空き家問題より深刻? 誰も相続しない土地の行方は〜400年の歴史を守る70代ご夫婦のストーリーから

ひょんなきっかけで知り合った70代のご夫婦。
お話を伺っていたら、戦国時代の末期からこの地で暮らしてきたということでした。つまり、400年以上もこの地に住み続けている。しかし、今その地を受け継ぐ人がいないというのです。

お子さんがいないわけではありません。でも、全員が「相続したくない」と言っているということなのです。

大きな家屋と、それが更に何棟も建てられそうな広々とした土地。少し離れた所には田畑がいくつかあり、さらに山林もある。庭の手入れだけでも大変そうなのに、田畑や山林の管理も加わるとなると……。

管理するだけでも頭が痛いのに、固定資産税まで払わなければならないのは馬鹿らしい、とい考えになるのも無理はありません。僕も、もしその立場になれば、やっぱり「なんの罰ゲームか」と思ってしまいそうです。

不動産屋には売却の相談したこともあるそうですが、二足三文だったそうです。じゃあ、自治体に寄付しようにもハードルが高そうです。
ご自身も高齢になってきており、いつまで管理できるか分からない状況で、半ば途方に暮れているようです。
(一方で、花を育てたりをして、楽しんでもおられるんですが)

実は、こんな話は至る所で耳にしてきました。その度に、僕は途方に暮れます。移住を支援する立場ですが、これではちょっとやそっとの移住者が来ても暖簾に腕押しではないかと、つい考えてしまいます。

移住者を迎えられたとしても、これほどの土地を扱える人ばかりではありません。むしろ、扱いきれない人のほうが多いかもしれません。現実的には、母屋とその周辺だけが管理・活用できるのが精一杯ということになりそうです。

ここからは私見ですが、いずれ、相続されずに宙ぶらりんになる土地が増えるのではないでしょうか。
今年度から相続登記の義務化が決まりましたが、登記簿を書き換えるだけでも相当な金額がかかります。それが足かせとなっている部分も多いでしょう。相続登記がされてこなかったことで事態が複雑化しているのは分かりますが、さらに事態を複雑にしている面もありそうです。
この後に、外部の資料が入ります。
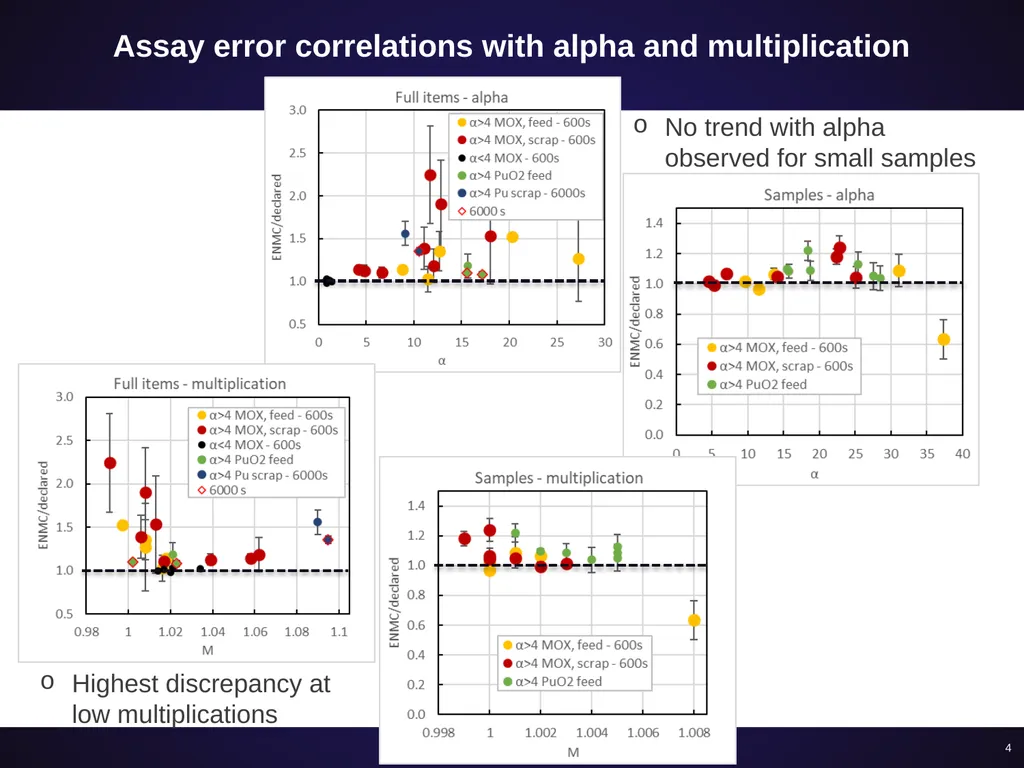 Evaluating high-alpha MOX assay improvements - slide 4 of 12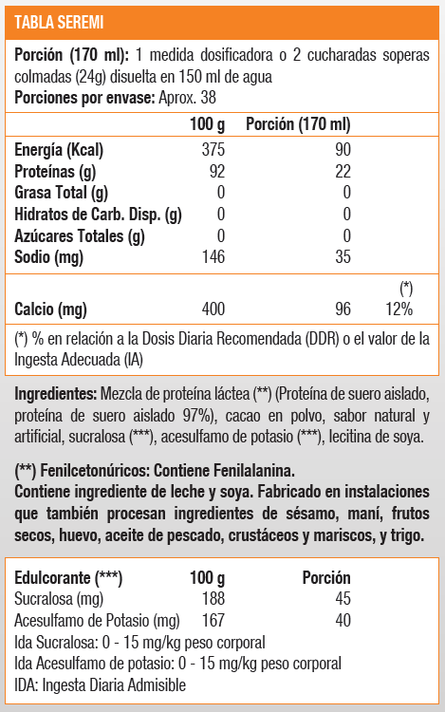 Isolate Matrix, Isolate Protein (2 Lb) - Original-1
個人的には、人間が開発した土地が自然に返されるだけだと考えれば、悪いことではないと言えます。しかし、人間が築いた現代の社会システムにとっては多大な負荷がかかることが予想されます。
現代は個人の所有の概念が強いので、それを緩めて、せめて、コミュニティや地域が所有する形に変えられたら良いのではないかと考えています。

いずれにせよ、僕は、たとえ小さな一歩でも、自分のなすべきこと、やりたいことに徹するだけではあるのですが。